[DIRECTIONS] Write out the listing from the line with "I2 is 1.25, so" to the line with "Now, Discord might", both lines included, exactly and nothing beyond. Leave pictures out.

[INPUT]
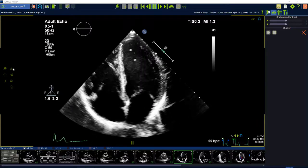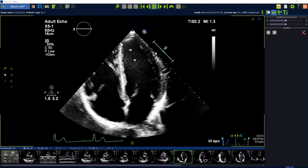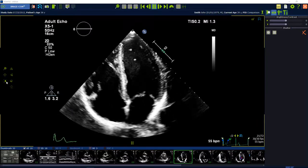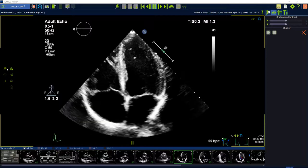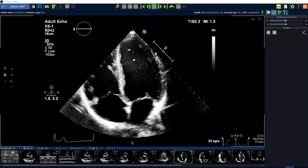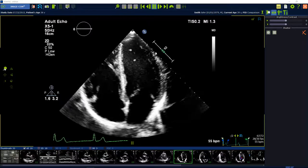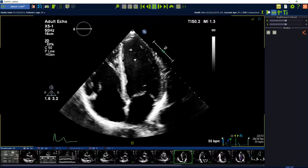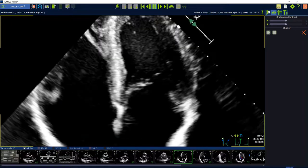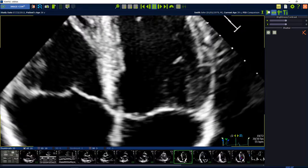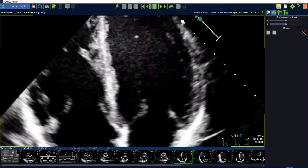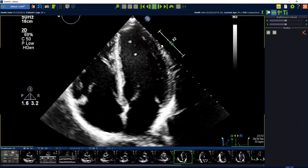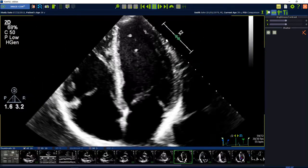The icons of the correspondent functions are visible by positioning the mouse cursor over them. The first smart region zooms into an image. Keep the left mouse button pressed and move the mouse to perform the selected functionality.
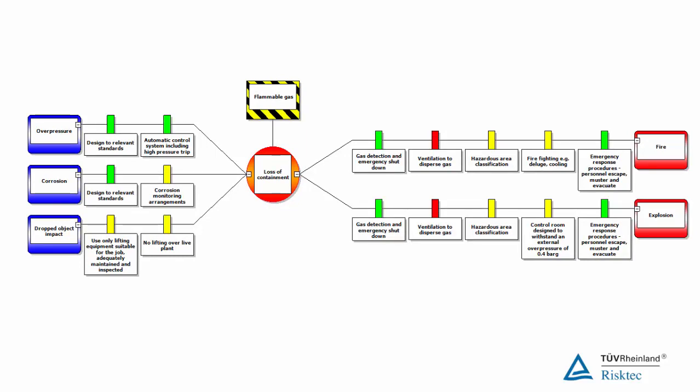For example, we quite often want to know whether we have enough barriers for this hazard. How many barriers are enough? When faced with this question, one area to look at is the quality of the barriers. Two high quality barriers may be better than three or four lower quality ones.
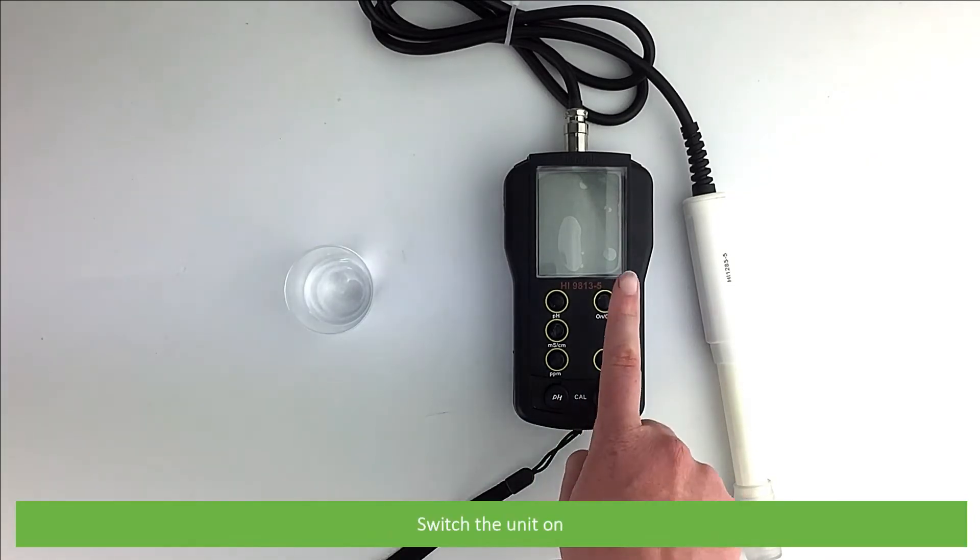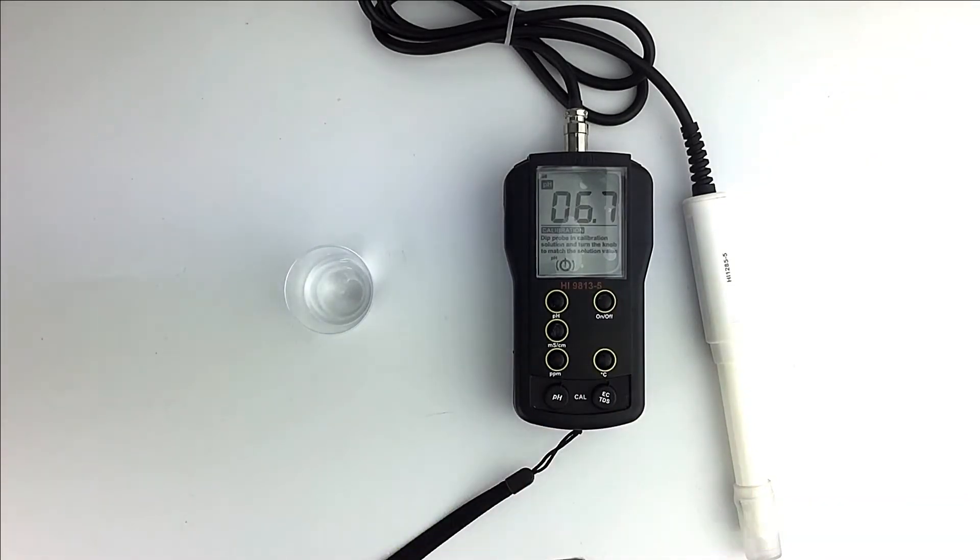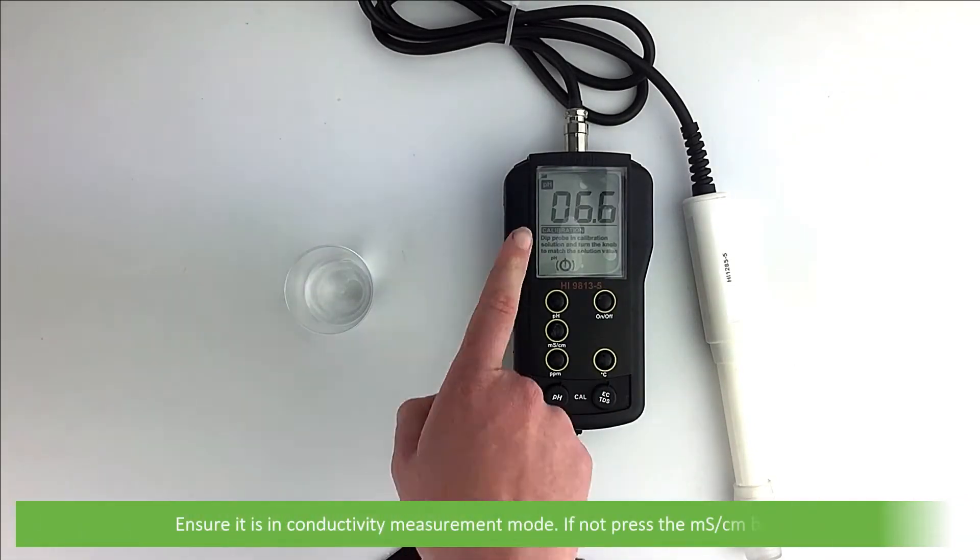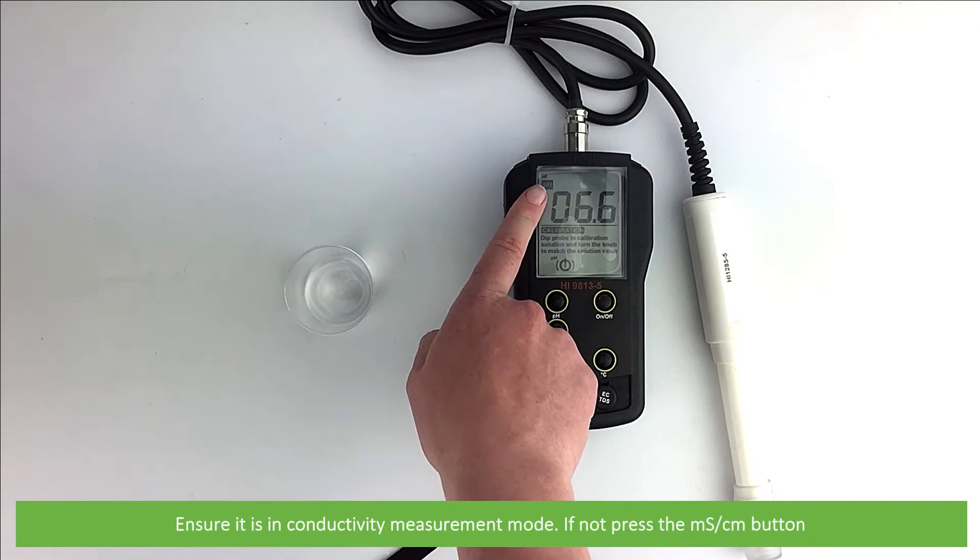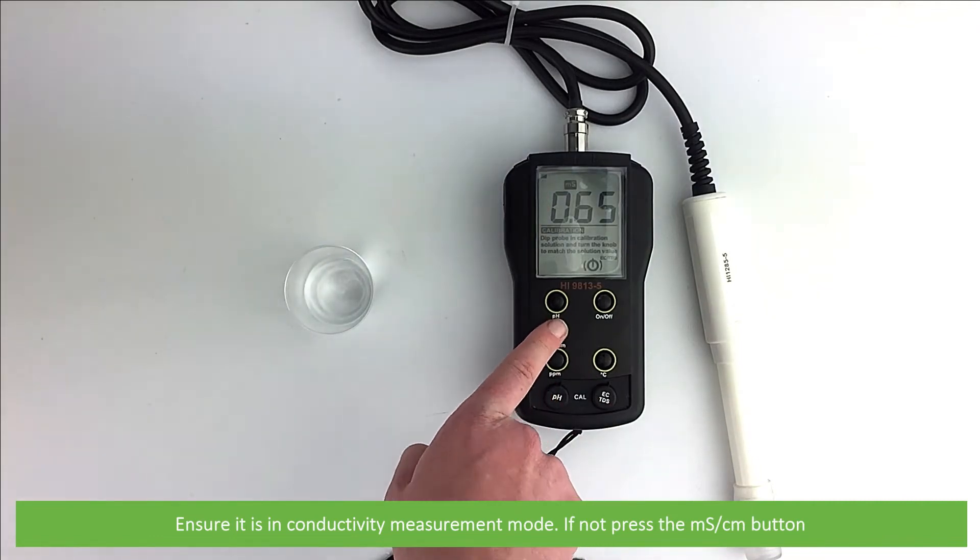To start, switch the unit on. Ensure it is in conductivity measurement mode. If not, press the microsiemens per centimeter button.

* * *

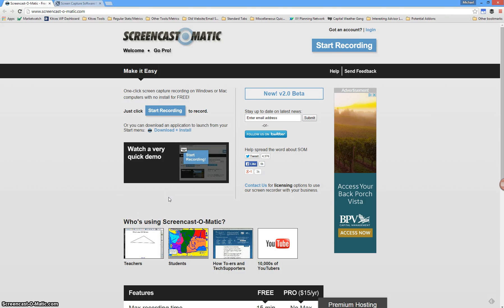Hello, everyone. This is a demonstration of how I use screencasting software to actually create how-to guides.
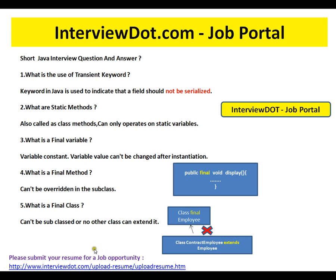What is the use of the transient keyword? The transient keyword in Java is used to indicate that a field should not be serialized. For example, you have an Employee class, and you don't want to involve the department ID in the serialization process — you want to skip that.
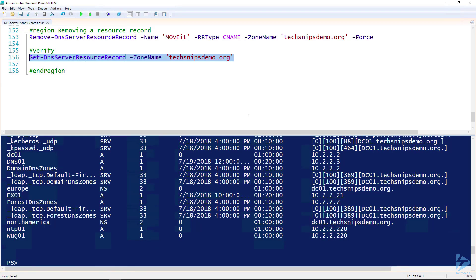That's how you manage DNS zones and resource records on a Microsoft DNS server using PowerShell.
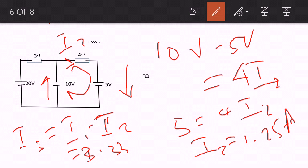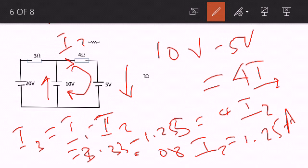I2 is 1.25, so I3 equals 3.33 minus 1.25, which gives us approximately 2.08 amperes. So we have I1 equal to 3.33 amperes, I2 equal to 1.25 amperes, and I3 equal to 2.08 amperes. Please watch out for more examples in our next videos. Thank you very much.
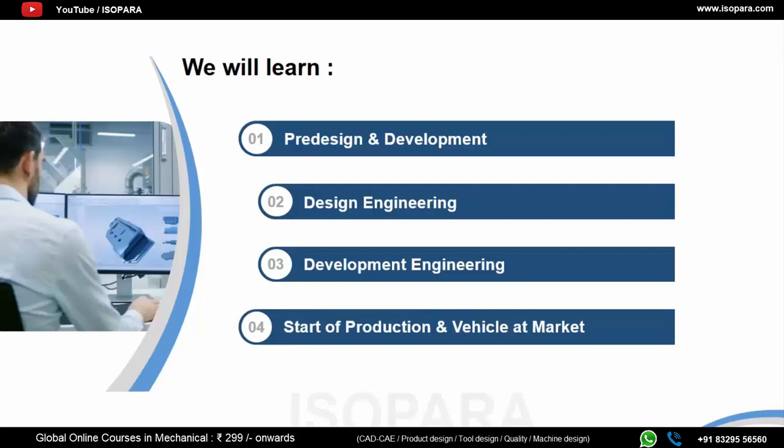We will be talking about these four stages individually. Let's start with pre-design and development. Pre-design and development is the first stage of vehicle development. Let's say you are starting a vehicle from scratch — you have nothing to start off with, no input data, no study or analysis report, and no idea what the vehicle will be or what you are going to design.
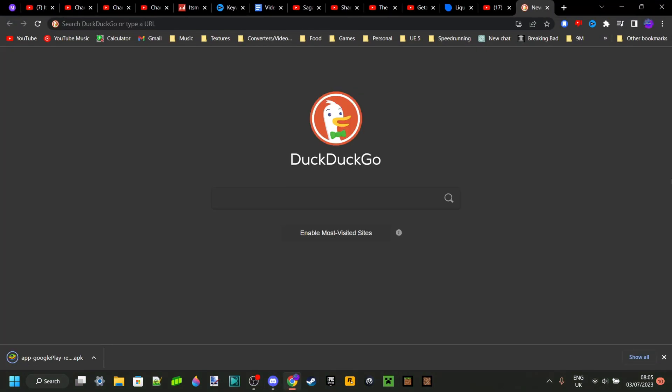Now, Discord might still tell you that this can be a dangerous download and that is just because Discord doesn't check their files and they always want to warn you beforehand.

[REPLY TO THE TASK]
I2 is 1.25, so I3 equals 3.33 minus 1.25, which gives us approximately 2.08 amperes. So we have I1 equal to 3.33 amperes, I2 equal to 1.25 amperes, and I3 equal to 2.08 amperes. Please watch out for more examples in our next videos. Thank you very much.
We will be talking about these four stages individually. Let's start with pre-design and development. Pre-design and development is the first stage of vehicle development. Let's say you are starting a vehicle from scratch — you have nothing to start off with, no input data, no study or analysis report, and no idea what the vehicle will be or what you are going to design.
Now, Discord might still tell you that this can be a dangerous download and that is just because Discord doesn't check their files and they always want to warn you beforehand.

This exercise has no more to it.